2. REFORMS TO THE KENYA WILDLIFE SERVICE
a) KWS should no longer be a trust but should be converted into a government body fully funded by the tax payer and directly from the exchequer. It makes no sense for KWS to have trustees when the Government is the Trustee designated to take care of wildlife on behalf of the Kenyan people.
b) KWS should be responsible for all wildlife in this country, and should have access to the wildlife no matter whether the wildlife are on private land or not. Conservancies should not be able to dictate any policy on wildlife. Firearms used to protect wildlife should be solely in the hands of KWS.
c) KWS capacity to protect our wildlife heritage should be boosted by employing and supporting more KENYAN professionals, especially ecologists and veterinary officers. KWS should never be in a situation where private business managers and foreigners outnumber the professionals.

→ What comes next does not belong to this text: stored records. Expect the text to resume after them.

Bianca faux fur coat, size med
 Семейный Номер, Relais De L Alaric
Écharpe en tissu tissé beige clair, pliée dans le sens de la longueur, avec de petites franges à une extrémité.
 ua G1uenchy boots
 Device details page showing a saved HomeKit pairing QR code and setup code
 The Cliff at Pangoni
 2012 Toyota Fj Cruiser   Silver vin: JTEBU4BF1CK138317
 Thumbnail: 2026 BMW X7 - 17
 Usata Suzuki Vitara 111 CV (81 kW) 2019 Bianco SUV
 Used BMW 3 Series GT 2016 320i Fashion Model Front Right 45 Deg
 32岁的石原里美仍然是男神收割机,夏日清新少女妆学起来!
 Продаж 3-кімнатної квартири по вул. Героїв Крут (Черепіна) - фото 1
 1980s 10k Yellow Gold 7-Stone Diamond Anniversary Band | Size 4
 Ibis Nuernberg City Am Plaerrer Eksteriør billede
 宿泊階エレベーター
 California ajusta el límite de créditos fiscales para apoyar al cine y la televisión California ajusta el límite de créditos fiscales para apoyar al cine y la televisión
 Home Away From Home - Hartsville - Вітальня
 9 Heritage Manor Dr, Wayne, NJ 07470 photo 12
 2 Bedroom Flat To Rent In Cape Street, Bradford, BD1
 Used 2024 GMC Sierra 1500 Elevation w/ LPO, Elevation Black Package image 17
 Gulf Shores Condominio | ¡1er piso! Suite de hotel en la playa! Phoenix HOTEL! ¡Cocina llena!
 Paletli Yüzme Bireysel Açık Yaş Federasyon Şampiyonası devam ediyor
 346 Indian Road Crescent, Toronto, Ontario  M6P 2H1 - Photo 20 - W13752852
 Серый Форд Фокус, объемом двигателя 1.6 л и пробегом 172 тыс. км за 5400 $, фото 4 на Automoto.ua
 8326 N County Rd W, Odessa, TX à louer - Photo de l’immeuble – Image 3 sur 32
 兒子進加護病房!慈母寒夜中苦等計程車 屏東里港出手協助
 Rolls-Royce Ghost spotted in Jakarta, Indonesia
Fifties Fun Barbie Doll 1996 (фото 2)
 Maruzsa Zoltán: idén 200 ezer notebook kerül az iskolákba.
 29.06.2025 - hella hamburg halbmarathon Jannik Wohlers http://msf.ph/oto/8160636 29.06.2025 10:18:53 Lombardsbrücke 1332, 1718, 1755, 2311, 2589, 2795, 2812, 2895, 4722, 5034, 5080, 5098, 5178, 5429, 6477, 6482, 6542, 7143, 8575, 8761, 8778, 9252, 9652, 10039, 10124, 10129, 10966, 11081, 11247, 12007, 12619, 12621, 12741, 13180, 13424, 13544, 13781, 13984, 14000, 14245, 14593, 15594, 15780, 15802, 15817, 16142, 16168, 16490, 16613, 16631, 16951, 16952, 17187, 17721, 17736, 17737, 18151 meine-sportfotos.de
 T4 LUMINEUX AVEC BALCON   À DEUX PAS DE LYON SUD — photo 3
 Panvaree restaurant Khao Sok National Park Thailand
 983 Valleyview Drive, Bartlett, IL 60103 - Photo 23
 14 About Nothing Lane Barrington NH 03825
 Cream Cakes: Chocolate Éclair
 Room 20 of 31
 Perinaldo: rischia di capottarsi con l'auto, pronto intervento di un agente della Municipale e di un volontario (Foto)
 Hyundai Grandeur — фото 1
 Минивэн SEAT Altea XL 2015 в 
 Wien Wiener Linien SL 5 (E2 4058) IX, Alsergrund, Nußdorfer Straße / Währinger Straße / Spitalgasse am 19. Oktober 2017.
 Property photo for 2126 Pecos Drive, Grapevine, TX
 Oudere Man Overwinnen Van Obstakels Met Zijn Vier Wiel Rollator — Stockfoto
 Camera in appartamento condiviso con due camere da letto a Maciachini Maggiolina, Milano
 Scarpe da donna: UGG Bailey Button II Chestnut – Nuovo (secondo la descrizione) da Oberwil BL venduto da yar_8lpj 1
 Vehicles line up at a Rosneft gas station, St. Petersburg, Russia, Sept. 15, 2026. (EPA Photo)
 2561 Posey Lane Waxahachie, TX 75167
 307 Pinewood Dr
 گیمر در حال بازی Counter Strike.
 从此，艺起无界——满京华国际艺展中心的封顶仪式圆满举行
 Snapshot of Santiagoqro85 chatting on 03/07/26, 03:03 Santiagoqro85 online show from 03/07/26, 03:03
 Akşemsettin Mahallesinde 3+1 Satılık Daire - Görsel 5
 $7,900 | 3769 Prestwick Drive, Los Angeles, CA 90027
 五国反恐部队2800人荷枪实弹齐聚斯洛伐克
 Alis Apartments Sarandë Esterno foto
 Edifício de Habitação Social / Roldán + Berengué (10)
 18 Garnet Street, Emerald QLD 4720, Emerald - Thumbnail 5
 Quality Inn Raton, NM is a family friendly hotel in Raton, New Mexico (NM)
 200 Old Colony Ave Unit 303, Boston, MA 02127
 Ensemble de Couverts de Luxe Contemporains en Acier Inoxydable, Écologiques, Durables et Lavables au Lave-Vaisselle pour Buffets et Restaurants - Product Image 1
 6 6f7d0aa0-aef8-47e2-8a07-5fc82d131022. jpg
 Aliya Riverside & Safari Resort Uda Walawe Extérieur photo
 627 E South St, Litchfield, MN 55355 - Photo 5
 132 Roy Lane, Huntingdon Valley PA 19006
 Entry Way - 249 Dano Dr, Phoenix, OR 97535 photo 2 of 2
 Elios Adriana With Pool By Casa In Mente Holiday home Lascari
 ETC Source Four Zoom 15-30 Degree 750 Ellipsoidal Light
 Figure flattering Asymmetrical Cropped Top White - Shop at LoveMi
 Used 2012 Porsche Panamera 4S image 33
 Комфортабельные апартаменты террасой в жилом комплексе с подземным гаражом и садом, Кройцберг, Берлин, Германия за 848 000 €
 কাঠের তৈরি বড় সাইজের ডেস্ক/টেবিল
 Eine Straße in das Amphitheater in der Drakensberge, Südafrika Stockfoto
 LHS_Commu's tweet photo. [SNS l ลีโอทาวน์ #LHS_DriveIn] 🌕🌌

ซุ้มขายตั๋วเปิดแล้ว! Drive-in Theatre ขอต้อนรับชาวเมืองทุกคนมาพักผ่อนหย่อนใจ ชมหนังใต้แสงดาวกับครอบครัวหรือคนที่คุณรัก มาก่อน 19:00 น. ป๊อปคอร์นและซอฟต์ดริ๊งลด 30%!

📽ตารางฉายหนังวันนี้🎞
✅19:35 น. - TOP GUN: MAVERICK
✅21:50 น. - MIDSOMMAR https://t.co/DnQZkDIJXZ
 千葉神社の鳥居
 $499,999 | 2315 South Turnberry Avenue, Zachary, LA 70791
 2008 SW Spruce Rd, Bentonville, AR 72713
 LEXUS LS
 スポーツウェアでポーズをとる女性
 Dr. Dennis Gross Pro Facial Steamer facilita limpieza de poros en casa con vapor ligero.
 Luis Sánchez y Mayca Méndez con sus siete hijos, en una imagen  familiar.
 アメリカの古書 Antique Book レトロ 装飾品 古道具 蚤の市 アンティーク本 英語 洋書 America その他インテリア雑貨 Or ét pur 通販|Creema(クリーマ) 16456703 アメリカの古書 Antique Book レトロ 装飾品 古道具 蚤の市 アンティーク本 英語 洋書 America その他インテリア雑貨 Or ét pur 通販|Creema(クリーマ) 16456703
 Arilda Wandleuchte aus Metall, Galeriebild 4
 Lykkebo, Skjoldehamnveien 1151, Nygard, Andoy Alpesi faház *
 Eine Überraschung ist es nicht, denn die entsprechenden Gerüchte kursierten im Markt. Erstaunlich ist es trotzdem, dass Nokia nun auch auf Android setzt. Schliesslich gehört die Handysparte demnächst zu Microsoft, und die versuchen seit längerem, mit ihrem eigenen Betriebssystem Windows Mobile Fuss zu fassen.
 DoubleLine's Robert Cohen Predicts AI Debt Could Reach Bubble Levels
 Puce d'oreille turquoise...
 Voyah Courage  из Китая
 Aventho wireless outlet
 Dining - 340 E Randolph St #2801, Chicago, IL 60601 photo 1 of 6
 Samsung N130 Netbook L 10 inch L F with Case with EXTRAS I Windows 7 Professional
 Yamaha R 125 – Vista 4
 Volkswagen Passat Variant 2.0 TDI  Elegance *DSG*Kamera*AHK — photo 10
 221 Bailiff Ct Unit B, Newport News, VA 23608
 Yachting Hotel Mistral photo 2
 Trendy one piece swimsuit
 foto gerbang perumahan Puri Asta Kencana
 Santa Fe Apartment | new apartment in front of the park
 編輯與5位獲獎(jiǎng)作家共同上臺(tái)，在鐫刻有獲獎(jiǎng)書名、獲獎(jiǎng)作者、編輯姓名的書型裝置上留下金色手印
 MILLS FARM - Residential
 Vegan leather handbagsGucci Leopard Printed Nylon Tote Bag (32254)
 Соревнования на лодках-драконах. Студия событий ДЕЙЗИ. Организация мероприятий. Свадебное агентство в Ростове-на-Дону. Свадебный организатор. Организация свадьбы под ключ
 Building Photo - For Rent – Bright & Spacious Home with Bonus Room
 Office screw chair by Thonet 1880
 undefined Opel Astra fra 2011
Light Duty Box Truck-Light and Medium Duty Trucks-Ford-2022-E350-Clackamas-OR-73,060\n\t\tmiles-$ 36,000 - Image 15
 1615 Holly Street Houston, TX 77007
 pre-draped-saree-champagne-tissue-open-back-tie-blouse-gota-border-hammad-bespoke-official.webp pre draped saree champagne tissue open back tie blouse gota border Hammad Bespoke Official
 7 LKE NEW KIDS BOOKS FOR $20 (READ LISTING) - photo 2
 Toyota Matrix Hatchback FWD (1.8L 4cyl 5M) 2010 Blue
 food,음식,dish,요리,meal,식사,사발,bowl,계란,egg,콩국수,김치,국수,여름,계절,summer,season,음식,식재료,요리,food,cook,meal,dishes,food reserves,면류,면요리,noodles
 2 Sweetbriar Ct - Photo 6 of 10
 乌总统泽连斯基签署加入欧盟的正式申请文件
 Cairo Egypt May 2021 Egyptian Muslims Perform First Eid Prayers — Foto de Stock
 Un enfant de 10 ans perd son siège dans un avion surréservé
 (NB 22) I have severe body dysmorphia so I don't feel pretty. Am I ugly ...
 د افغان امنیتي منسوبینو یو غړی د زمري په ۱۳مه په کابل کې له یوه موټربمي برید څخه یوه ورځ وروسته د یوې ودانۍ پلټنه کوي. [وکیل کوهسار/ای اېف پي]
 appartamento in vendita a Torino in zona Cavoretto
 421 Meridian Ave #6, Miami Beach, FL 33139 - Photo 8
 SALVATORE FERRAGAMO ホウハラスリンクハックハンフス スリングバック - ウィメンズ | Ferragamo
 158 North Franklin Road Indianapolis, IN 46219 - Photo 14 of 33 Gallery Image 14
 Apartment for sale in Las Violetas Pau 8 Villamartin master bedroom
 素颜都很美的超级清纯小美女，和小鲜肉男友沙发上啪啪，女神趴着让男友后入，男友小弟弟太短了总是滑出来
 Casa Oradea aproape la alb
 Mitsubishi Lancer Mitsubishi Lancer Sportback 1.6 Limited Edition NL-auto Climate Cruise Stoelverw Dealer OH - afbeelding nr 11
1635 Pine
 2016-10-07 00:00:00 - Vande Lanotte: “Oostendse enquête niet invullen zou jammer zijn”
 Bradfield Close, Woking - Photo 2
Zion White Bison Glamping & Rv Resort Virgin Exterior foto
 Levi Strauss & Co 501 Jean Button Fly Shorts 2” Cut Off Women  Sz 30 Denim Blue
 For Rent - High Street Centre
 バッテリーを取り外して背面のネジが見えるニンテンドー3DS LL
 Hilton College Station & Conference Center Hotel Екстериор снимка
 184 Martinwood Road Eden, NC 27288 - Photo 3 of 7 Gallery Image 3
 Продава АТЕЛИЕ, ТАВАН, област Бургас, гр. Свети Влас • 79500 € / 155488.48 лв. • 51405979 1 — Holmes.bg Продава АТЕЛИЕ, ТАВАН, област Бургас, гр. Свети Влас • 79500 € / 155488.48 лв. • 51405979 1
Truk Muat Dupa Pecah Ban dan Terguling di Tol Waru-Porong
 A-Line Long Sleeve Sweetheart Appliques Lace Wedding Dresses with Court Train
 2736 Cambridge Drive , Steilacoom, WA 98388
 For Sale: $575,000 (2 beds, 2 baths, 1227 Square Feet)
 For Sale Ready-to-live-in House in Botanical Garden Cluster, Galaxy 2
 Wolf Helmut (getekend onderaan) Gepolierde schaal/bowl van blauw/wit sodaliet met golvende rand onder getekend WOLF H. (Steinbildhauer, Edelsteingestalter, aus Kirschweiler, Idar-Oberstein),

3. RECONFIGURE CONSERVATION
As indicated in the press release issued by the group Kenyans4KWS, the logic of the conservation should be reconfigured to respect indigenous peoples and their knowledge on the environment, to restore the community rights to land, and to reverse the unconstitutional arrangements that allow foreign entities like The Nature Conservancy and North Range Trust to own vast amounts of land at the expense of indigenous people, and even train and arm their own rangers. All firepower with the potential to kill should remain under the sole jurisdiction of the Kenya Government because it is the only entity accountable to the people of Kenya.
The default assumption of any conservation should be that Kenyans are the original custodians of wildlife, and are competent to keep preserving the wildlife, and that wildlife are priceless and beyond monetary value. It is amazing that to this day, there are still wildlife roaming in the plains of Kenya, despite having suffered the historical obliteration in their thousands at the hands of colonialist hunters like Woodrow Roosevelt, who killed over 11,000 species, or J. A. Hunter, of the Hunters' Lodge fame, who killed almost 1,000 rhinos in a span of 2 years.
The conservation, rather than management, of wildlife, should be based on faith in the people of Kenya and in the indigenous knowledges we have that respect the sanctity of land and nature.